The House has voted to extend the federal terrorism insurance program for at least two years, but the Bush administration says it is strongly opposed to the measure.

The House bill, approved Dec. 7 on a 371-49 vote, next would have to be reconciled with the Senate-passed version, which the White House supports.

Both bills would continue the 2002 Terrorism Risk Insurance Act, which expires Dec. 31. Enacted in response to the 2001 terrorist attacks, TRIA established federal "backstop" coverage if terrorism-related claims exceed certain thresholds. Both measures would require insurance companies to take on a greater share of the claims.

At present, the federal government covers 90% of such losses over an insurer-paid "deductible." This year, the deductible is 15% of an insurer's annual premiums.

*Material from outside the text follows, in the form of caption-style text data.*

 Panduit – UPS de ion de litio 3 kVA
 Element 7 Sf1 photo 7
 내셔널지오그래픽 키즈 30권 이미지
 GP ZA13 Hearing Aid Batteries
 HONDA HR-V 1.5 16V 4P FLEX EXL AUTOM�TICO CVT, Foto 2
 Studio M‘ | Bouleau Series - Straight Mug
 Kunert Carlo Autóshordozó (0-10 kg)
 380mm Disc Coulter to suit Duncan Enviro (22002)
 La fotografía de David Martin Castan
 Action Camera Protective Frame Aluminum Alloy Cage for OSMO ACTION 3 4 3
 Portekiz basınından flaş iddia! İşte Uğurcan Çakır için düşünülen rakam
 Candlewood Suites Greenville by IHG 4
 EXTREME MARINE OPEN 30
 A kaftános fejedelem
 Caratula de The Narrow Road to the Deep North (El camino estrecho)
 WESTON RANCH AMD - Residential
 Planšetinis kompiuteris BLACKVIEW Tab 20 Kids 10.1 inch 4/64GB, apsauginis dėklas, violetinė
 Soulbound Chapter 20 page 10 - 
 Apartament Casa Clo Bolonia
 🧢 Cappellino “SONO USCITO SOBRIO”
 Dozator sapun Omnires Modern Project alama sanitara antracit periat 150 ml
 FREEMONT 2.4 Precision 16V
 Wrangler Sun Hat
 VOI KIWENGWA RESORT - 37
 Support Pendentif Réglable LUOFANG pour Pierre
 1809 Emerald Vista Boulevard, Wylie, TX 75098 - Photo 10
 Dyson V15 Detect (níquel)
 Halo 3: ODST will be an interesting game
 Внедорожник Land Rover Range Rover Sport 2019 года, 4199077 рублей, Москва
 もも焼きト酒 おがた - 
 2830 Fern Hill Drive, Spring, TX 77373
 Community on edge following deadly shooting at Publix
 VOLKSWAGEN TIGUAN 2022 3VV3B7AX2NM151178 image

The Senate version is a two-year extension and raises the deductible to 17.5% of premiums in 2006 and 20% in 2007. The House bill leaves open a possible third year and raises the deductibles, but varies them by types of insurance. For instance, workers' compensation insurance would have a 17.5% deductible in 2006, property insurance would have a 20% deductible and casualty coverage 25%.

The Office of Management and Budget issued a Dec. 7 administration policy statement, objecting to the House measure. It said, "Instead of scaling back the federal backstop, the House [bill] expands the program by including group life insurance as a covered line and by adding domestic terrorism coverage to the program, among other changes."